═══ Data below

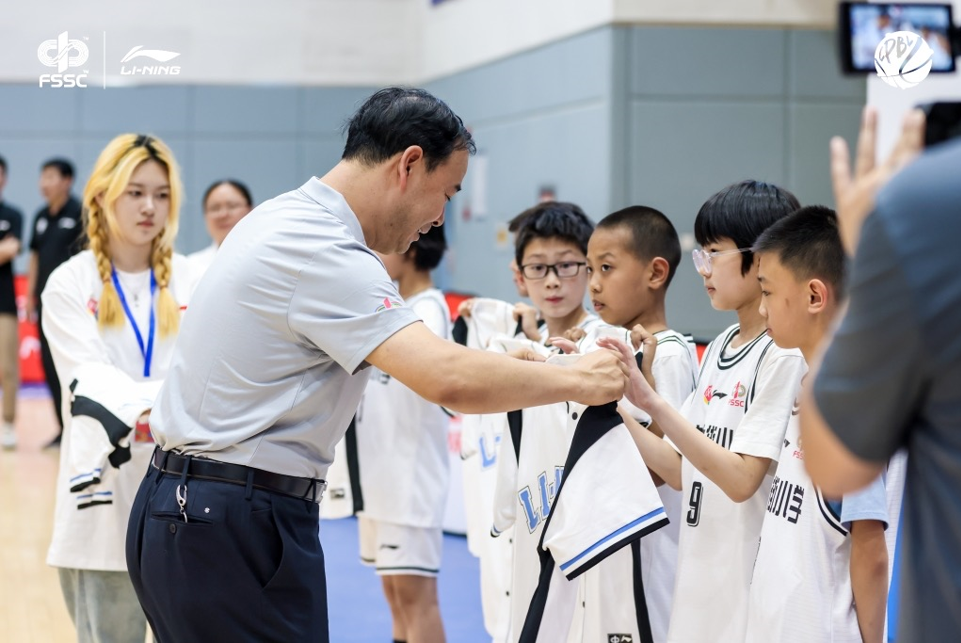 小学篮球比赛的规则_小学篮球规则教学视频_小学篮球竞赛规程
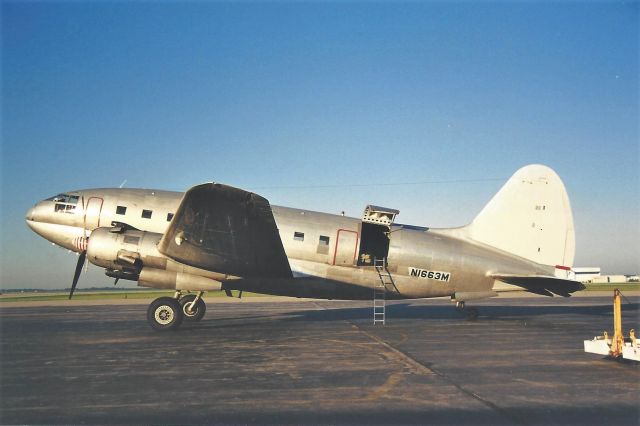 CURTISS Commando (N1663M)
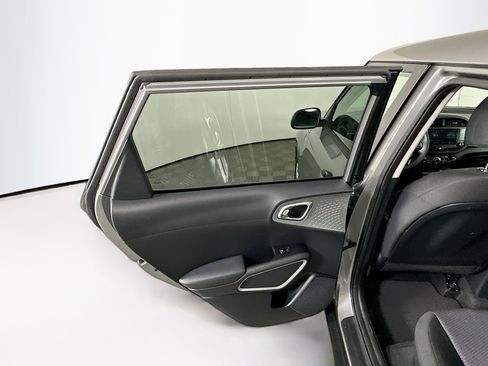 Used 2025 Kia Soul LX w/ LX Technology Package image 25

══════

→ Your task
Transcribe all of the lines above exactly as given. The pictures stay out.

→ Problem solution
 小学篮球比赛的规则_小学篮球规则教学视频_小学篮球竞赛规程
 CURTISS Commando (N1663M)
 Used 2025 Kia Soul LX w/ LX Technology Package image 25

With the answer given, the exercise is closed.